I was plagued by insecurity and was constantly worried that people didn’t want to work with me. So I would push myself at work both physically and mentally but I would have literally nothing left when I got home. The last thing I wanted to do was to then emotionally invest into my kids and wife. But I didn’t know what else to do. After a few months, I was generally symptom free most days. I wasn’t perfect but I was better. Then in September, I was putting my kids in their car seats and my foot slipped when I was in the van. I fell backwards and slammed my head on the door frame of the car. My wife looked at me and asked, “What was that?” I responded, “Oh nothing. Just my head.” I immediately had a sore neck but that was it. However, within about an hour, the all too familiar symptoms came flooding back like a tsunami. I had a wicked headache, was nauseous and couldn’t stand the light. I started to cry and told my wife we had to go home because I think I have another concussion. So we packed up the kids and she drove us all home. That was a Saturday. On Monday I went in to work early and told my boss what had happened. He told me to take it easy and keep myself safe. My wife made an appointment with my doctor that morning so I left work and headed to the appointment. I was shaking because I didn’t want to go through this all again. Sure enough, the doctor told me, “You definitely have a concussion.” I walked out of the office and sat in the van for a while. Just staring out the window, contemplating life and began to cry. I called my wife and told her what was up. We jumped into concussion protocol at home and started to look at what we were going to do for the interim to get life back on track.

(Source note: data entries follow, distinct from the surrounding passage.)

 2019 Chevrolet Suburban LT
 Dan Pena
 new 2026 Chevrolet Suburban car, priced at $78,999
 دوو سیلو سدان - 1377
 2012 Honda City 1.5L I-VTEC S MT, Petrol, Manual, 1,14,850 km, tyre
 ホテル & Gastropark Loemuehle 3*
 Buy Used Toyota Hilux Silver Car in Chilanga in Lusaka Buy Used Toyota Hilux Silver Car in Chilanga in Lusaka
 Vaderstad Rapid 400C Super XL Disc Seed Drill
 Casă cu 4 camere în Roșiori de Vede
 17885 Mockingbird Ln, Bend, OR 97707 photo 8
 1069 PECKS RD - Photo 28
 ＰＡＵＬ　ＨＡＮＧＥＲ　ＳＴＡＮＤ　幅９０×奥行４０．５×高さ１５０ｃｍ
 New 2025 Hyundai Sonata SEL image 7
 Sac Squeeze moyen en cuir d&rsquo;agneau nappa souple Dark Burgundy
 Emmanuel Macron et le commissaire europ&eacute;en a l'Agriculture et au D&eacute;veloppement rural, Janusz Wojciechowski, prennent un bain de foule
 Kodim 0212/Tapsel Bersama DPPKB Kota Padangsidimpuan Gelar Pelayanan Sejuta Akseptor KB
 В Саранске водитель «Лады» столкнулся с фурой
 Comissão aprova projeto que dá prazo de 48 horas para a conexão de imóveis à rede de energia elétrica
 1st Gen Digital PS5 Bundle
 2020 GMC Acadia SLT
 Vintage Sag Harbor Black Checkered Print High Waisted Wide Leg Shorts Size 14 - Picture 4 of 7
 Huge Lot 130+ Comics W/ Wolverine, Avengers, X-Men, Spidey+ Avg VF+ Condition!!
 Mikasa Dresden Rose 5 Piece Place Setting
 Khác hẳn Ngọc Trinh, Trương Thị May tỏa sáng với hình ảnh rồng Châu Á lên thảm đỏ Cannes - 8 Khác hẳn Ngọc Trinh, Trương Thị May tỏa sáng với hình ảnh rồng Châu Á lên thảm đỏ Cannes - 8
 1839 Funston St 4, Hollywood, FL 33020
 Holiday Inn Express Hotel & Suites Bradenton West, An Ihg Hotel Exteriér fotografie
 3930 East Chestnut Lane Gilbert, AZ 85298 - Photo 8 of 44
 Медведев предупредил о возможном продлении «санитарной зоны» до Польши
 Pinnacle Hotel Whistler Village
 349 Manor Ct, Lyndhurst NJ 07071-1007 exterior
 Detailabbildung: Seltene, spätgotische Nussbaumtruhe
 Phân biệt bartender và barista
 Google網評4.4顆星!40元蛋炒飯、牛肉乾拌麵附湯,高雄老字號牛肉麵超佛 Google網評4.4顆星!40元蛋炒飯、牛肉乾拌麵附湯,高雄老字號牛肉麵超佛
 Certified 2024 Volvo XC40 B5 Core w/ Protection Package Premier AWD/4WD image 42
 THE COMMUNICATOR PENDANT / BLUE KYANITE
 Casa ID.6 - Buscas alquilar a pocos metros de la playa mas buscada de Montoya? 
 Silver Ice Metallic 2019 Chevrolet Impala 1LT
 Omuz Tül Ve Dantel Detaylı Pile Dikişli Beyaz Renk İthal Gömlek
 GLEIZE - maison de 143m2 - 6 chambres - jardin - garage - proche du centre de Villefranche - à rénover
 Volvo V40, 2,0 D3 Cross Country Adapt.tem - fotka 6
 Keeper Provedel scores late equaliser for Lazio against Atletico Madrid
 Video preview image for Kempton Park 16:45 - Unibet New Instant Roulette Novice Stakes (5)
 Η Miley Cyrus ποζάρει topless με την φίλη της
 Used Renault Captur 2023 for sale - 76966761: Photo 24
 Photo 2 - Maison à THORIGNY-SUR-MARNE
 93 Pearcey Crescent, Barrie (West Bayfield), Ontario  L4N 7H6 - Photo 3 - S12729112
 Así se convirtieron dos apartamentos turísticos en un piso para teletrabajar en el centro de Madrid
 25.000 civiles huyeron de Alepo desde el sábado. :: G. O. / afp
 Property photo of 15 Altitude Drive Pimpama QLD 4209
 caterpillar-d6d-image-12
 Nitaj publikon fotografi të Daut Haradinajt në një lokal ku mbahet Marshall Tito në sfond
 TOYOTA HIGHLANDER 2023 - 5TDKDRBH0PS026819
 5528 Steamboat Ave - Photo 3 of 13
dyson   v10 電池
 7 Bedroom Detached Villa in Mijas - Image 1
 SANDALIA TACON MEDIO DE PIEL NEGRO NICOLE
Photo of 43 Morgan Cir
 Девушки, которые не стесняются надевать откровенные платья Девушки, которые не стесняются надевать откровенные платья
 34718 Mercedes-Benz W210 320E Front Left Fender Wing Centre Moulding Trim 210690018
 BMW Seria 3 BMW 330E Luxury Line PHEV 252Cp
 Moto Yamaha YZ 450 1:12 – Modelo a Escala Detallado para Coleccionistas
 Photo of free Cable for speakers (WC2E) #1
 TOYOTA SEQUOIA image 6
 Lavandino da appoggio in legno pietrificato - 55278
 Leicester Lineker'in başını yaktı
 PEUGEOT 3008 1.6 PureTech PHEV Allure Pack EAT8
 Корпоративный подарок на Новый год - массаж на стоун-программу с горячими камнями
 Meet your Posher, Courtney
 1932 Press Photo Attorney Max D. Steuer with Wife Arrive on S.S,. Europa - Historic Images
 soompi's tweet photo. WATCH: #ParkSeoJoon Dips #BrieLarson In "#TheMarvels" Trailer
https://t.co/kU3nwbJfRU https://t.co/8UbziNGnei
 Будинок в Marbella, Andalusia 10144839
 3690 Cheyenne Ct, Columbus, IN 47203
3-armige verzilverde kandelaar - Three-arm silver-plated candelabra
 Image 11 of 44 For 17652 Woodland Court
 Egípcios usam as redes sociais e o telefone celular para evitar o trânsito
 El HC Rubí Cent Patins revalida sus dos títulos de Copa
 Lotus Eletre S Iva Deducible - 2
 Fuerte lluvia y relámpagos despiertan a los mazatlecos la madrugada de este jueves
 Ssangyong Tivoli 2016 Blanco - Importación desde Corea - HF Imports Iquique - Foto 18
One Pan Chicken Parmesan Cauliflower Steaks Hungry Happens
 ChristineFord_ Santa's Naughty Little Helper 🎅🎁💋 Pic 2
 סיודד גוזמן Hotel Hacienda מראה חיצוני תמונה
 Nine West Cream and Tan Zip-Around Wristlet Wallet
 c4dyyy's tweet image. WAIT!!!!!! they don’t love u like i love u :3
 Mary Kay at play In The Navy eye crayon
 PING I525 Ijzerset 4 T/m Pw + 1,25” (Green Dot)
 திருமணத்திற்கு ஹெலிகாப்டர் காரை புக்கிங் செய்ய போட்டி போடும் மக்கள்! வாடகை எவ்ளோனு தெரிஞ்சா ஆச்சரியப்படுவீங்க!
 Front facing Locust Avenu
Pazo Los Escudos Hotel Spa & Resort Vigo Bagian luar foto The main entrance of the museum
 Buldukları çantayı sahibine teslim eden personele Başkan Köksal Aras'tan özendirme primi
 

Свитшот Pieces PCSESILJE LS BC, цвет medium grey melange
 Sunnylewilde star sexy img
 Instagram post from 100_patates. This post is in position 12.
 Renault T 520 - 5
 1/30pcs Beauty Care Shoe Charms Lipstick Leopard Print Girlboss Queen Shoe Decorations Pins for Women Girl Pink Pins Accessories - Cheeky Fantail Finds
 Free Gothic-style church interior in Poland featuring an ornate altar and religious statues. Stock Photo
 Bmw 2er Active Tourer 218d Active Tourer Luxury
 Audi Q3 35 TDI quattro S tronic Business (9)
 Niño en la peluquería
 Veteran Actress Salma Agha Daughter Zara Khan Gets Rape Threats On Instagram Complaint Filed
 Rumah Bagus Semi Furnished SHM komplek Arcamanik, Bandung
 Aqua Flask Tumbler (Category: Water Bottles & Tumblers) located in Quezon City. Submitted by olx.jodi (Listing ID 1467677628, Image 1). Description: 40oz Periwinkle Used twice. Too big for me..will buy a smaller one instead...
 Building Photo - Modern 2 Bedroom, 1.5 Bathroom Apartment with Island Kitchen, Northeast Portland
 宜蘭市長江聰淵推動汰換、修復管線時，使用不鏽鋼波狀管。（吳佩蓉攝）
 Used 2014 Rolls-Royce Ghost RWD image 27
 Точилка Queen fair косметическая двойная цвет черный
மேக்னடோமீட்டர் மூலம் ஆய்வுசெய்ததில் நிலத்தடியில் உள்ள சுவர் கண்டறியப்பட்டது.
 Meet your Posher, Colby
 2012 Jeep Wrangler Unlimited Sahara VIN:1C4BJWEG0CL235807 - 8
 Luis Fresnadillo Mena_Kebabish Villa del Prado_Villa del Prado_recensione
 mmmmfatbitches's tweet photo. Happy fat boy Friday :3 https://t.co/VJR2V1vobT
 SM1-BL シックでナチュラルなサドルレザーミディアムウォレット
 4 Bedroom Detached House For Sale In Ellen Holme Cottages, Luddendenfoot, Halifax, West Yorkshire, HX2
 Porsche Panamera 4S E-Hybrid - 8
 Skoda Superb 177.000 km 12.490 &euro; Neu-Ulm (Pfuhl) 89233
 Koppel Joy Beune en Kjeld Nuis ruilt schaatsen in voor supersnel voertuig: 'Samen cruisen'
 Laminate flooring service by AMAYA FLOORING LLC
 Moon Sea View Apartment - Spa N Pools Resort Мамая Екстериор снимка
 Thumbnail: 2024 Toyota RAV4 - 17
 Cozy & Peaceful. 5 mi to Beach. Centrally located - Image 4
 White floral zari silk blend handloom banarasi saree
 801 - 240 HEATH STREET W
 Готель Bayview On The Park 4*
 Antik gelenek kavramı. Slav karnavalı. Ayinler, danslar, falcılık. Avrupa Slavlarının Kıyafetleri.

That was over 2 months ago…and I am no closer to getting back to “normal”. I don’t write this for sympathy…just to share my story and hopefully provide an opportunity for people to learn something. What that is, I don’t know. One of the most frustrating things I have discovered is that throughout my adult life whenever I have had to miss significant time from work, it was due to an invisible illness. There are so many parallels between struggling with a mental illness and suffering with a concussion. It is so frustrating being asked, “So when do you think you will be back to work?” Because I really don’t know. It’s not like I have a cast that will someday come off. It’s not that simple and I am constantly trying to prove to people that I am not well. It’s exhausting. It’s frustrating. It’s depressing.
But I am trying. I know I am not the same person I was a year ago. I sometimes have difficulty remembering who that person was. Should I even bother trying to get to know that person again? Or is he gone? It just seems that the more answers I seek the more questions I find. It breaks my heart when my kids look into my eyes and ask me to play…and I can’t. They ask me to read to them…and I can’t. Or when they act like kids and I just can’t be around them. It sucks.
Feel free to message me or ask me any questions about what I am going through. I am usually down for a cup of coffee and a chat. Thanks for taking the time to read this and remember to show grace to everyone you meet because you never know what someone is going through.